Wall Clock / Chantilly Porcelain Manufactory
Wall Clock (Pendule d'alcove)
Movement by Charles Voisin (French, 1685–1761), clockmaker; clock case made at the Chantilly Porcelain Manufactory
French, Paris and Chantilly, about 1740
Soft-paste porcelain; gilt bronze; enameled metal; glass
2 ft. 5 1/2 in. x 1 ft. 2 in. x 4 3/8 in.
Questions for Teaching

• What do you see? Where do you see it? (top, bottom, right side, left side)
• What do you see that is from nature? (flowers, leaves, branches, animals)
• What do you see that is not from nature (or man made)? (clock hands, chain around monkey's neck)
• What animals do you see? (dragon, monkey, duck)
• Which animals are real? Which are imaginary?
• What are the animals doing? (climbing, standing, twisting around the clock)
• What sounds do these animals make? (roaring, laughing, quacking)
• What colors can you see? (green, yellow, orange, blue, violet, gold)

Background Information

The Chantilly porcelain manufactory made this ornate clock case of soft-paste porcelain. The Chantilly porcelain manufactory was established in France in about 1725 by Louis-Henri de Bourbon (1692–1740), Prince de Condé. The prince owned a large collection of Japanese porcelain, which the factory used as models for its earliest productions. By the time this unique clock was made, the factory had developed its own whimsical interpretations of Asian motifs, combining an exotic dragon and monkey with European flowers.

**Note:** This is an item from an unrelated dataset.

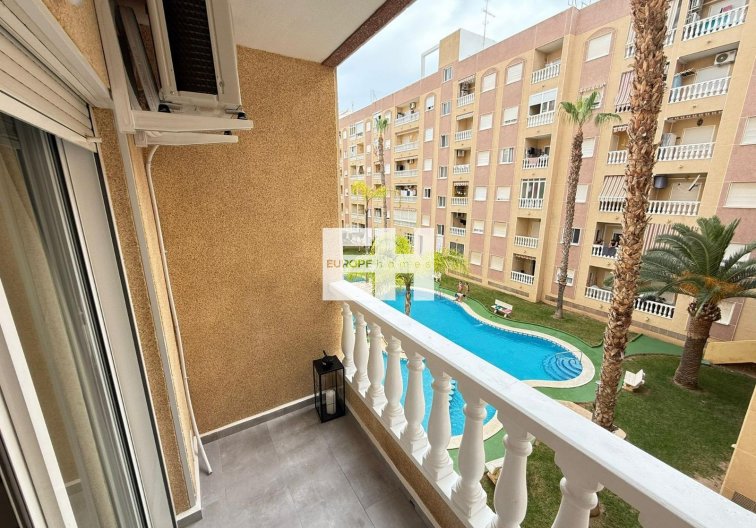 Segunda mano - Apartamento  - Torrevieja - Parque De Las Naciones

Clock movements such as this one, designed for the alcoves of bedchambers (pendules d'alcove), were fitted with a cord that struck the nearest hour and a quarter when pulled. This mechanism eliminated the need to light a candle to tell the time.

About the Chantilly Porcelain Manufactory

The Prince de Condé established a porcelain factory at his ch√Ęteau at Chantilly after leaving Paris, where he served as the French king Louis XV's chief minister from 1723 to 1726. The prince was only one of several aristocrats who established factories in France and Germany in the 1700s, searching for the elusive recipe for true porcelain such as that produced in China and Japan. The factory's early production consisted of pieces painted in imitation of Japanese ceramics, probably copied directly from the prince's substantial collection. Other designs adapted simplified Eastern motifs, often inaccurately, to create brightly colored, richly patterned works. Chantilly's early works were made from soft-paste porcelain covered with an opaque tin glaze that produced a lustrous background for the painted decoration in enamel colors. The manufactory specialized in delicately modeled jugs, tureens, plates, teapots, and cups and saucers shaped like leaves. They also produced more fanciful designs, such as bald smiling Chinese figures, sometimes squatting beside vases that serve as potpourri or perfume burners. After the prince's death in 1740 removed the factory's chief financial support, Chantilly's fortunes began to waver; as a result, the wares became less innovative.